These formulas are based on a comprehensive regression study of the influence of alloying elements on the critical points C _A and C _B, using the commercial thermodynamic software ThermoCalc (Version M) within a certain concentration range (e.g., Mn, Si, and Al up to maximum 2 wt pct). The formulas are similar to C _P-formulas: Austenite formers are rated negatively and ferrite formers (with the exception of silicon) are rated positively.

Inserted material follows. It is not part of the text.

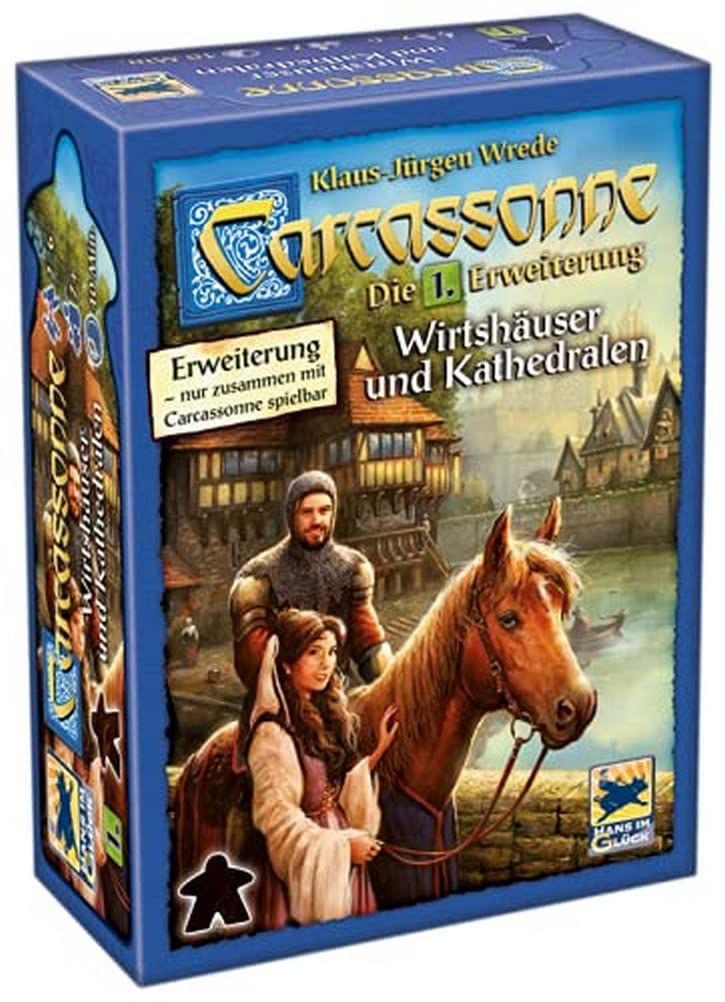 Hans im Glück, Carcassonne – Wirtshäuser und Kathedralen, 1. Erweiterung, Familienspiel, Brettspiel, 2-6 Spieler, Ab 7+ Jahren, 40+ Minuten, Deutsch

A great advantage in comparison with previous C _P-formulas is that C _A and C _B are given separately and also the partial interaction of selected elements, such as Al*Si and Ni*Cr, is considered.

2.4 CALPHAD Method—Gibbs Minimizer

The most comprehensive method is the numerical calculation of multicomponent phase diagrams using the CALPHAD approach which considers all (known) interactions. There are different commercial Gibbs minimizers available in the market, such as ThermoCalc[12] (TC), FactSage[10] (FS), MTDat,[22] PANDAT,[23] and so on. All these programs are only as good as the underlying databases, which are based exclusively on previously measured alloy systems. Figure 3 shows, for example, the results of calculated pseudo-binary Fe-C-1Si (left) and Fe-C-1Al wt pct (right) diagrams using ThermoCalc 5.0 and FactSage 6.2. The results of the TC and FS calculations show very good agreement (i.e., all differences in the transformation temperatures ΔT are smaller than 10 K) in the case of Fe-C-1Si alloy, but contradictory results in the case of Fe-C-1Al wt pct. One explanation is that for the ternary description of the Fe-C-Si system, both databases (TCFE6 and FSstel) use the same primary source from Lacaze et al.[24] and Miettinen.[25] However, for the ternary Fe-C-Al system only the ThermoCalc database (FCFE6) uses a thermodynamic description from Connetable et al.,[26] based mainly on ab initio calculations.

Fig. 3

ThermoCalc and FactSage calculation of the pseudo-binary Fe-C diagram of the system Fe-C-1 pct Si (left) and Fe-C-1 pct Al (right)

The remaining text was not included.